Mais cette innovation fait aussi débat. Si beaucoup saluent un confort accru, d’autres y voient une surenchère technologique qui dénature l’expérience du ski. « On ne passe que quelques minutes sur un télésiège, est-ce que cela justifie un tel investissement ? » questionne un habitué des stations sur un forum.
Un argument financier qui se pose aussi du côté des exploitants, qui doivent amortir des coûts supérieurs et répercuter ces investissements sur le prix des forfaits. Dans les 3 Vallées, summum du luxe français, les tarifs ont augmenté de 15 euros en trois saisons pour un forfait 6 jours , en partie pour financer de nouvelles infrastructures.
En Autriche, l’équation économique semble différente : les installations sont gérées par de grands groupes privés qui misent sur le confort premium pour attirer une clientèle haut de gamme. En France, où la gestion des remontées repose souvent sur des contrats publics-privés, l’adoption de ces innovations se fait plus lentement.
Un sujet qui divise sur le climat
Un autre débat porte sur l’impact environnemental. Si ces télésièges consomment de l’énergie pour chauffer les sièges, les constructeurs assurent que les technologies modernes, comme l’alimentation par frottement ou par énergie solaire, limitent leur impact.

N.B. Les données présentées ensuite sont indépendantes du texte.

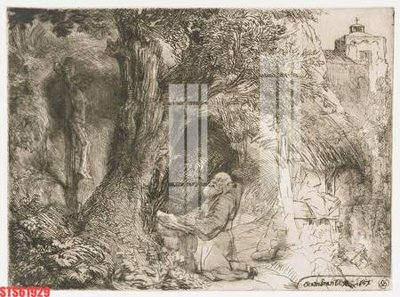 File gốc Tranh sơn dầu phương tây tổng hợp STS61929 cho in ấn và thiết kế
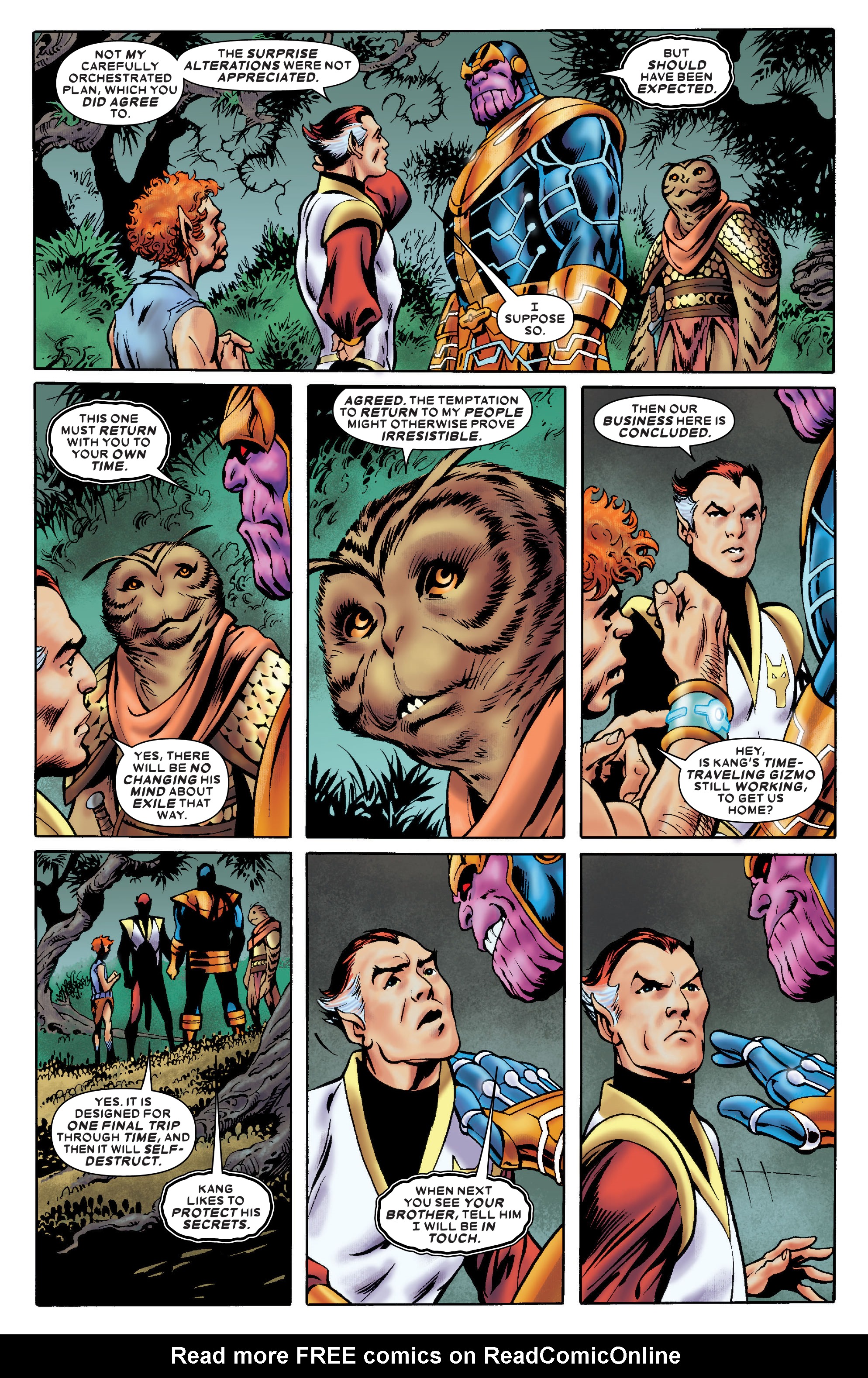 Read online Thanos: The Infinity Saga Omnibus comic -  Issue # TPB (Part 7) - 46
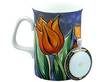 Antique Enamel Compact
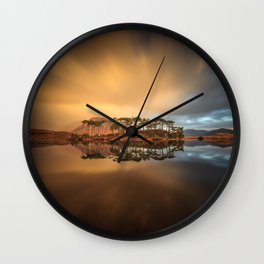 Pine Island Wall Clock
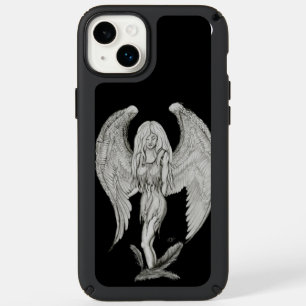 Angel - Black and White Design Speck iPhone 14 Plus Case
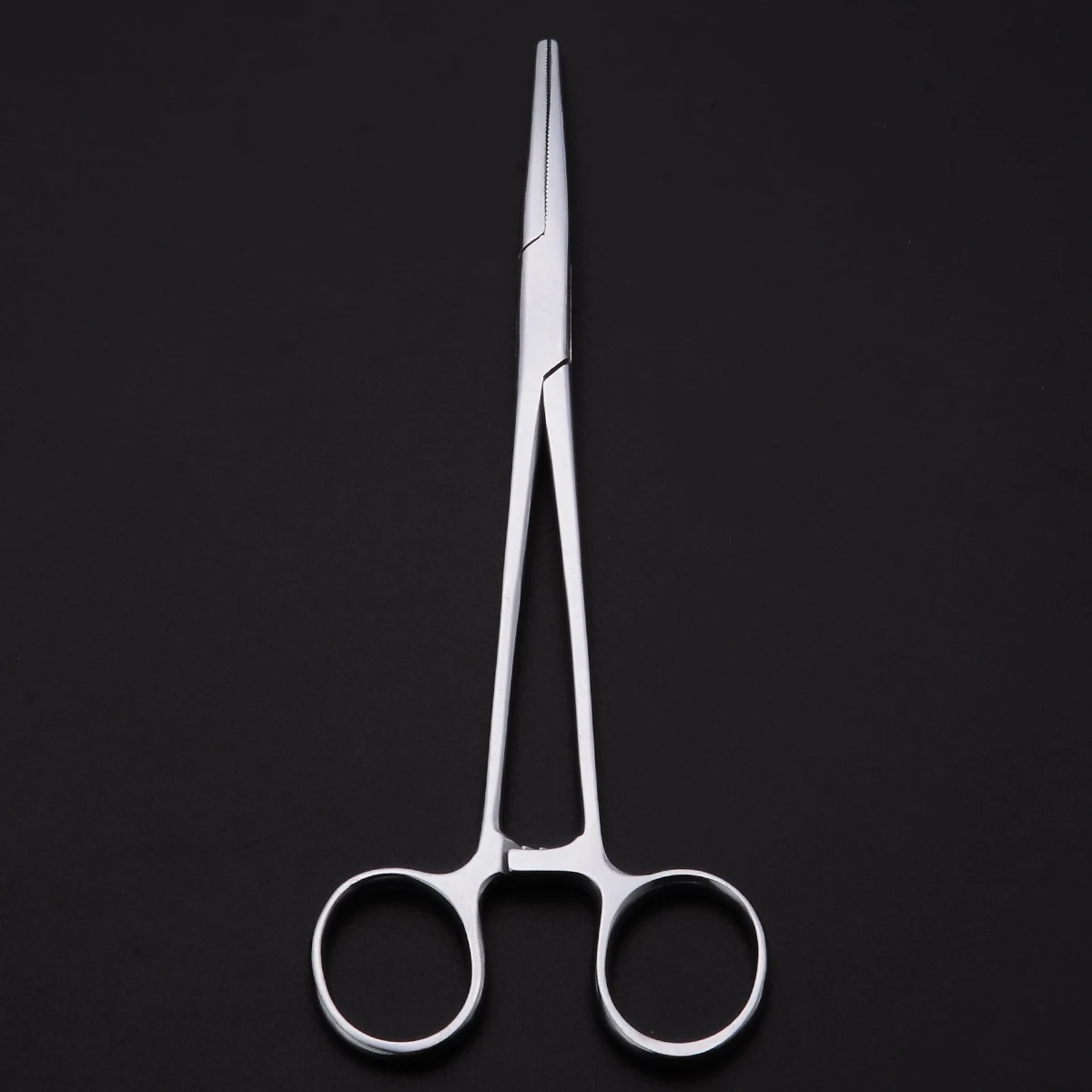 18 см изгиб Тип Изогнутые Hemostats клещи рыболовные из нержавеющей стали изогнутый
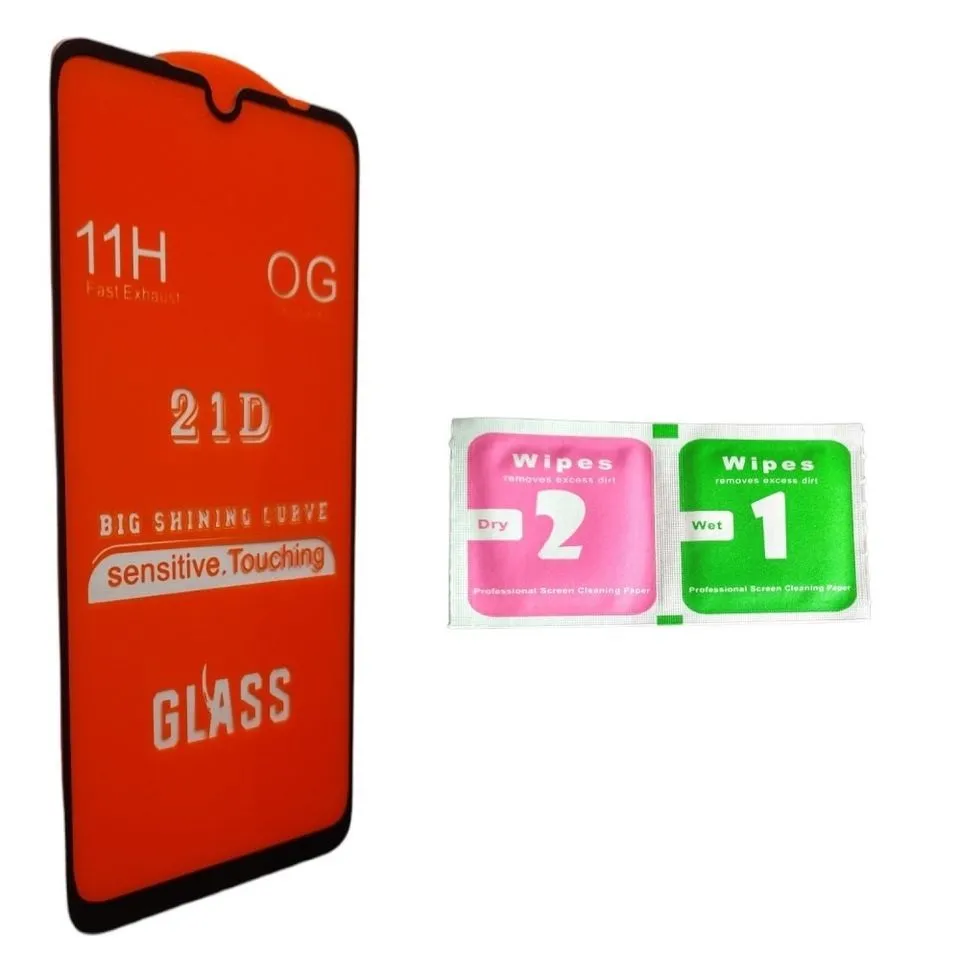 Vidrio Templado 11D Samsung A80 / A90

Aujourd’hui, la la tendance reste encore minoritaire en France, mais malgré les réticences, la montée en gamme des stations reste bien possible. Face à une concurrence accrue et à une clientèle en quête d’expériences toujours plus qualitatives, les sièges chauffants pourraient bien devenir un standard dans les années à venir.
Le confort deviendra-t-il un critère décisif pour le choix d’une station ? Ou bien ces équipements finiront-ils par apparaître comme ubuesques à l’ère du réchauffement climatiques ?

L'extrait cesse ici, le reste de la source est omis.